(Exercise directions):
Print exactly the first lines of the records. Stop after the line containing "Subaru Crosstrek 2.0i Limited CVT 2018", and leave every picture out.

(Stored items from a collection):

------------------------------------------------------------

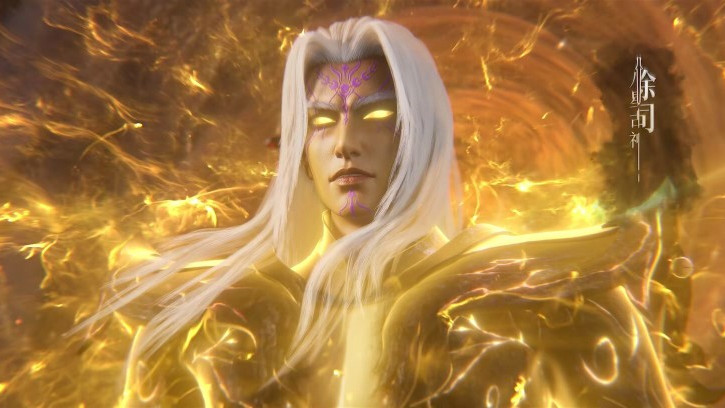 Tu Si（A character in Er Gen's fantasy novel *Renegade Immortal*.）_Baiduwiki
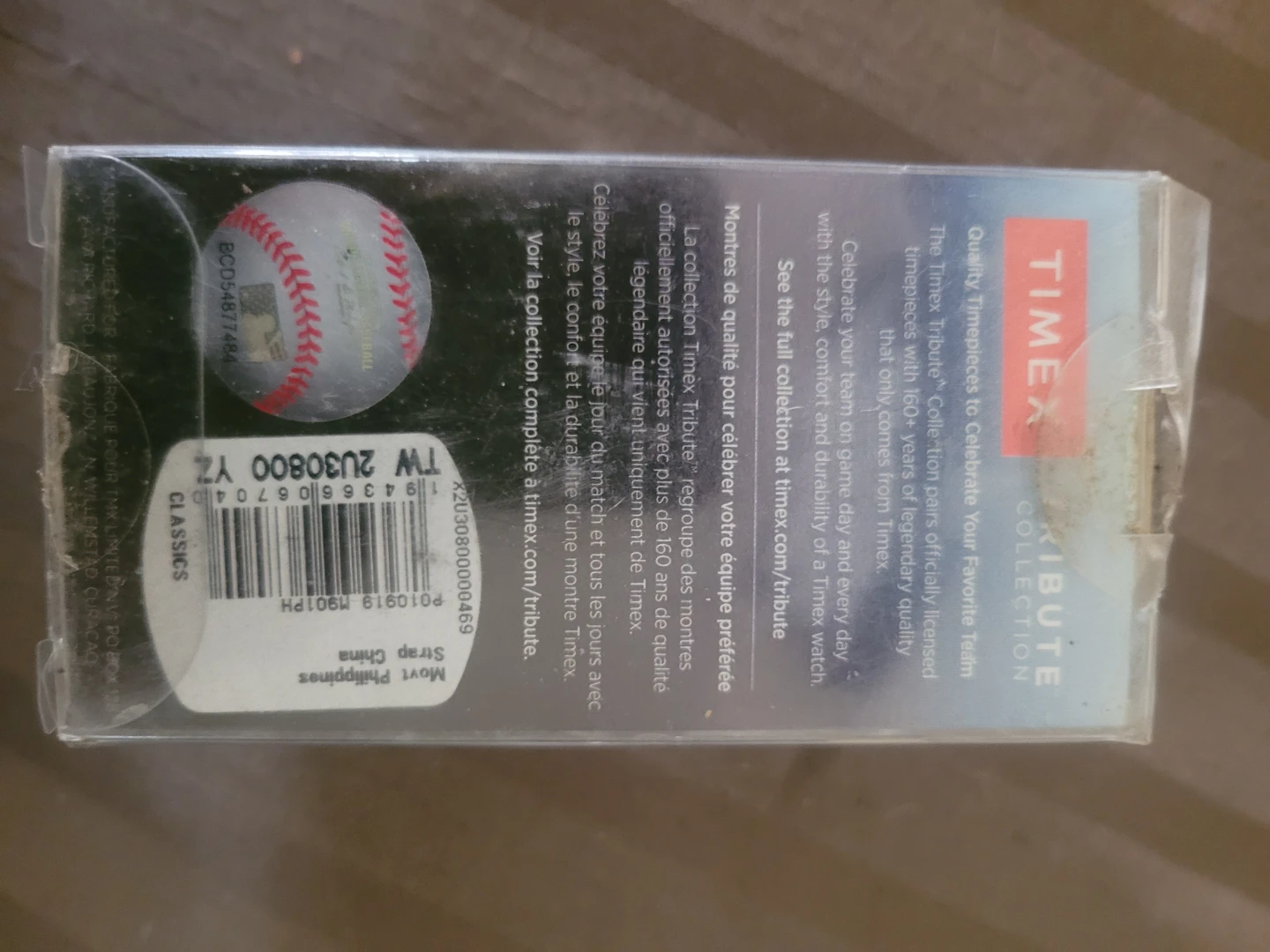 Timex Toronto Blue Jays Tribute Collection Watch - photo 2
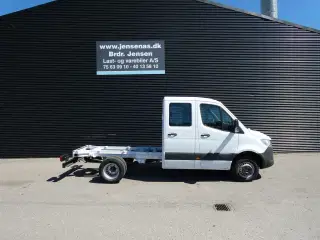 Mercedes-Benz Sprinter 317 2,0 CDI A3 RWD 9G-Tronic 170HK DobKab Aut.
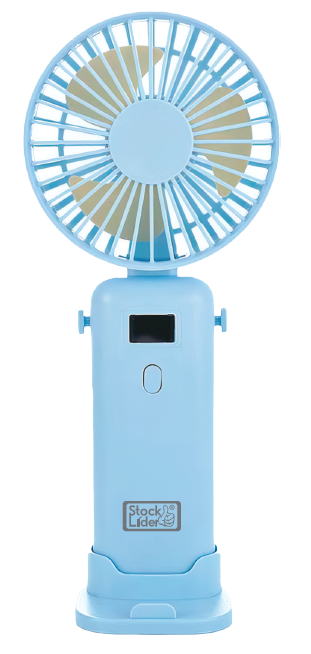 Ventilador portátil plegable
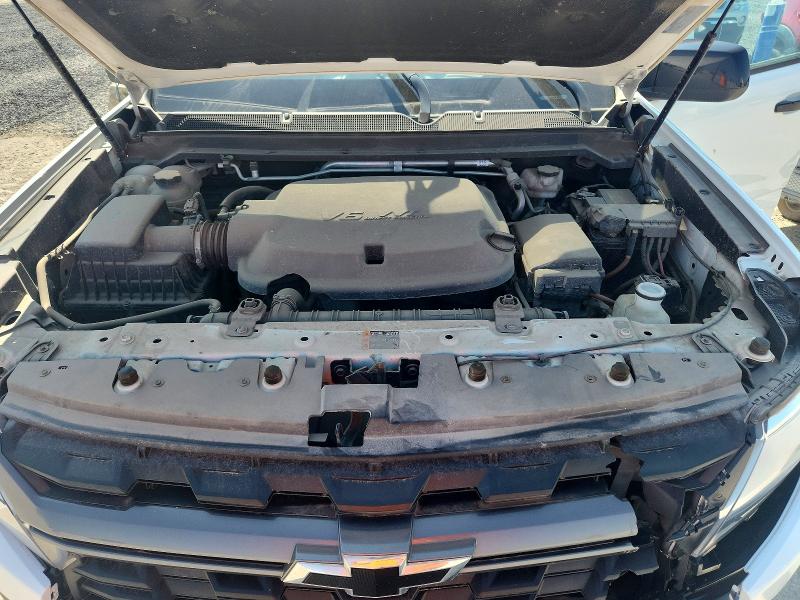 Aukcja sprzedaży 2021 Chevrolet Colorado, vin: 1GCGTDEN6M1209762, numer aukcji: 64431756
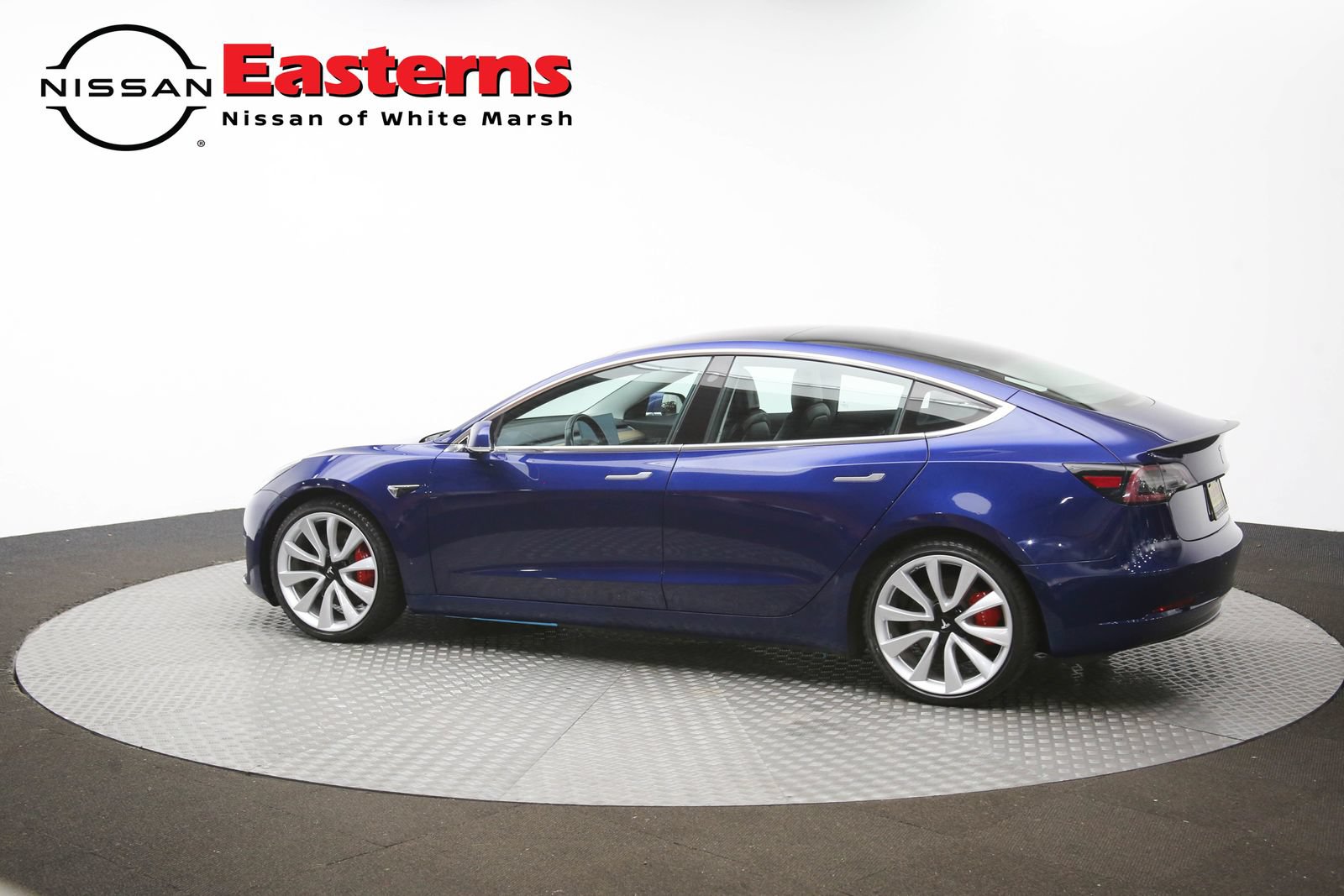 Used 2018 Tesla Model 3 Long Range AWD/4WD image 60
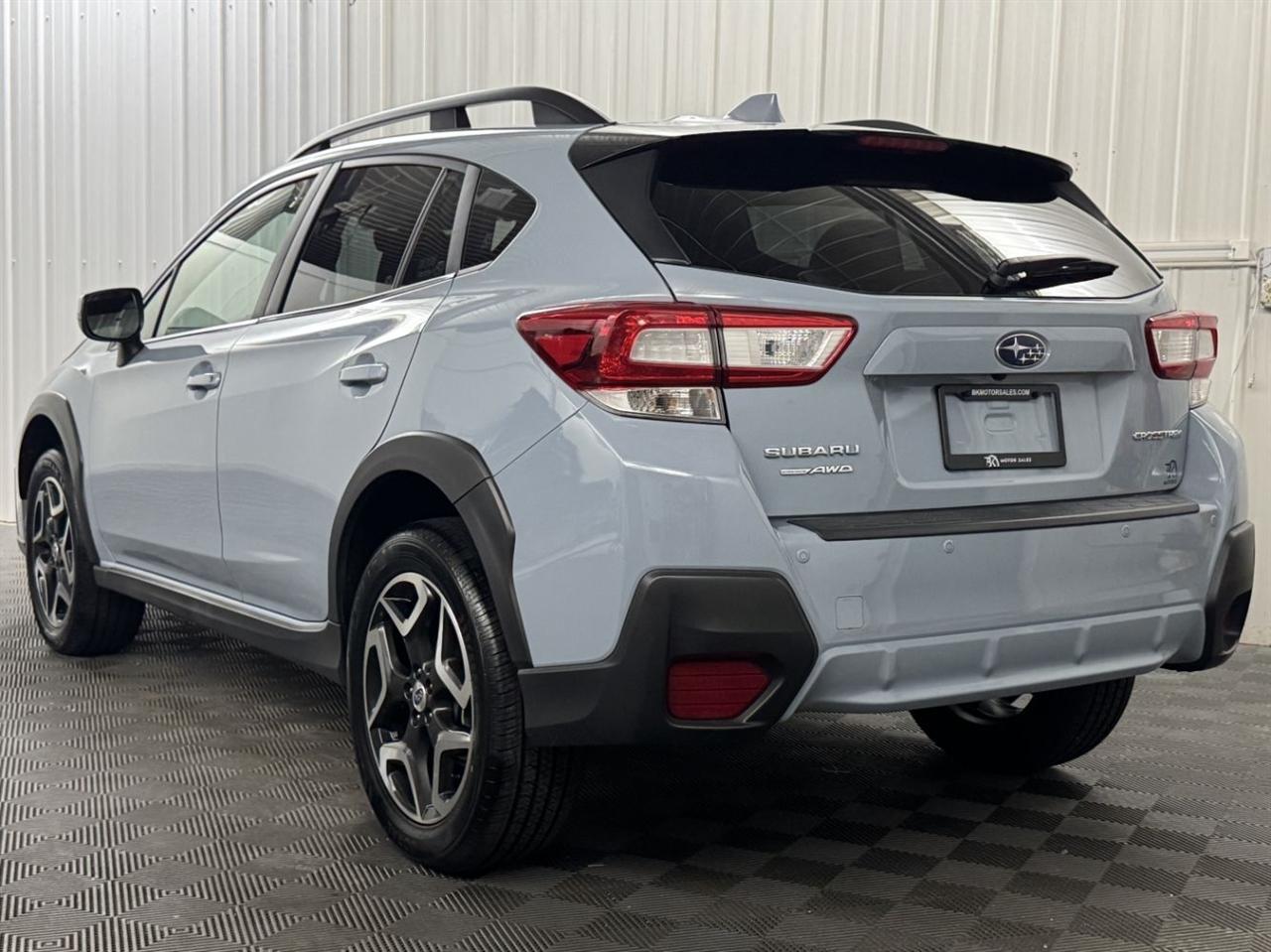 Subaru Crosstrek 2.0i Limited CVT 2018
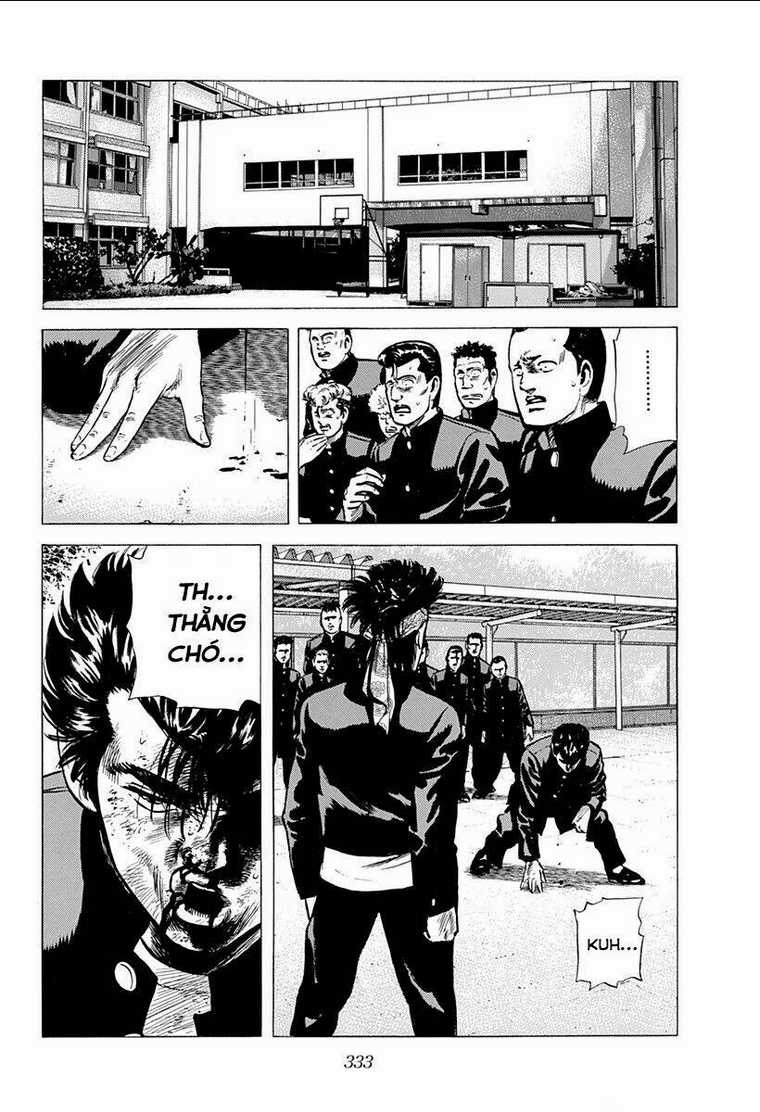 Maeda Taison Blues - Chapter 162 - Trang 16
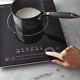 Lakeland Smart Touch Electric Portable Induction Hob (1 Ring 70 To 240°c)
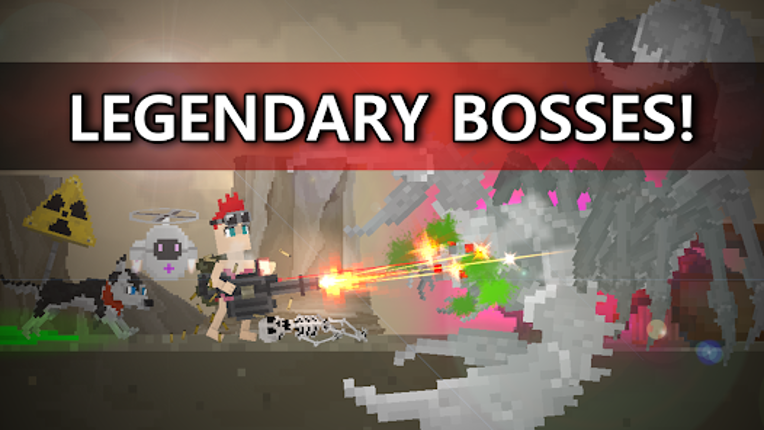 Wasteland Story : Awakening screenshot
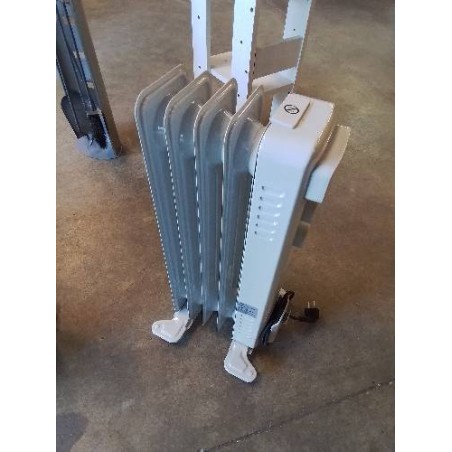 RADIATEUR A BAIN D’HUILE IPX0 1000W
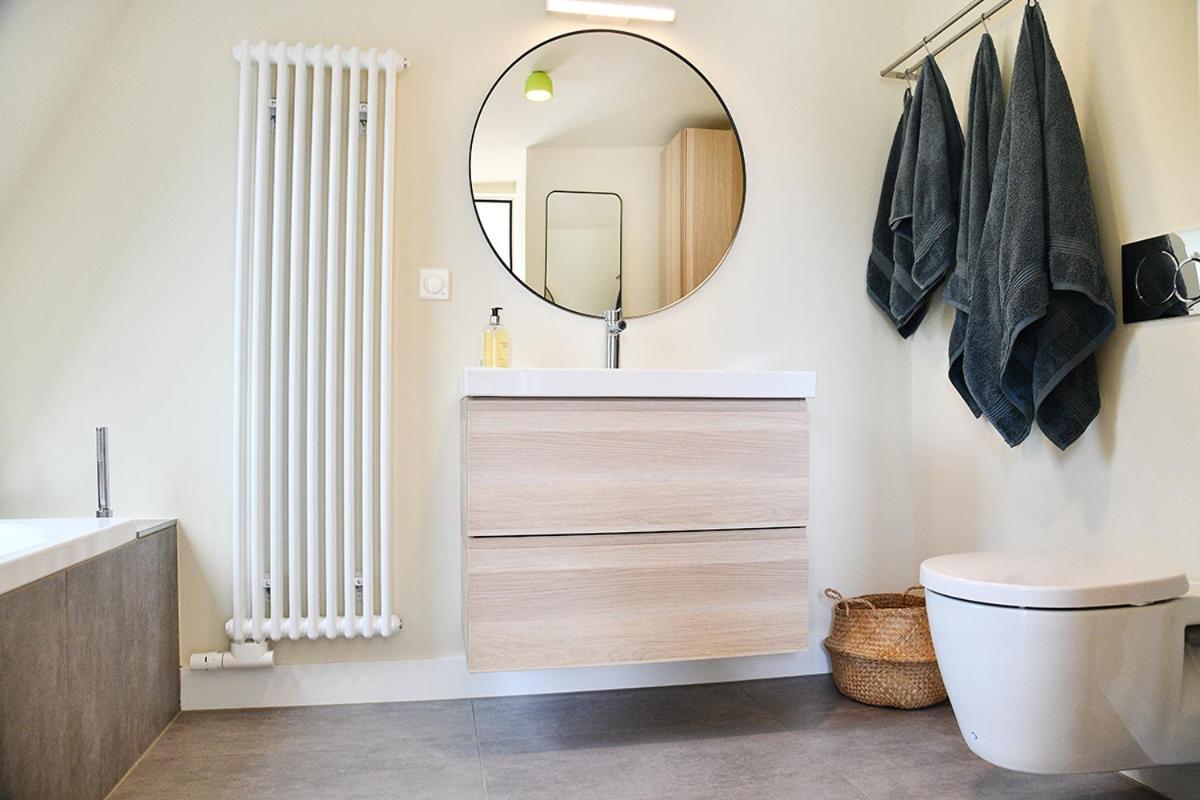 Jethon Exklusives City-Appartement Bernburg Eksteriør bilde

------------------------------------------------------------

(Exercise response):
 Tu Si（A character in Er Gen's fantasy novel *Renegade Immortal*.）_Baiduwiki
 Timex Toronto Blue Jays Tribute Collection Watch - photo 2
 Mercedes-Benz Sprinter 317 2,0 CDI A3 RWD 9G-Tronic 170HK DobKab Aut.
 Ventilador portátil plegable
 Aukcja sprzedaży 2021 Chevrolet Colorado, vin: 1GCGTDEN6M1209762, numer aukcji: 64431756
 Used 2018 Tesla Model 3 Long Range AWD/4WD image 60
 Subaru Crosstrek 2.0i Limited CVT 2018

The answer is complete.